Но сапер, как поется в старинной песне, «дело знает, что касается сапер», приспособились и ополченцы к работе. Копают, перебрасываются шутками, а в гуще деревьев уже хриповатое: «шарп… шарп… шарп… шарп…». Ласкающие слух звуки! Вступила в действие пилорама — собственная, батальонная! С пожарища навезли годных еще бревен, и вот началась их разделка на плахи, брусья, доски. Все это требуется для подземной постройки.
«У ополченцев — пилорама? — уместен вопрос. — Но откуда?»

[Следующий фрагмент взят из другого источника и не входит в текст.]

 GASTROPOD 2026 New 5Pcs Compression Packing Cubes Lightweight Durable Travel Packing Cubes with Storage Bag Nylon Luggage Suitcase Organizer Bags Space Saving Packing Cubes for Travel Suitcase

Собрана в Ленинграде из обломков, подобранных на свалке. Изделие ополченцев. Батальоны и полки народного ополчения формировались из людей невоенных, к тому же и не очень молодых — в этом их слабость. Но есть и оборотная сильная сторона: человек в летах обладает жизненным опытом, силен в своей профессии; далее: в батальоне не только мастеровитые плотники, кузнецы, механики, сапожники, портные, но в большом количестве — инженеры и ученые. Вырванные войной из мирной жизни, все они, учась военному делу, старательно, я бы даже сказал, с любовью обстраивали свой новый дом — батальон.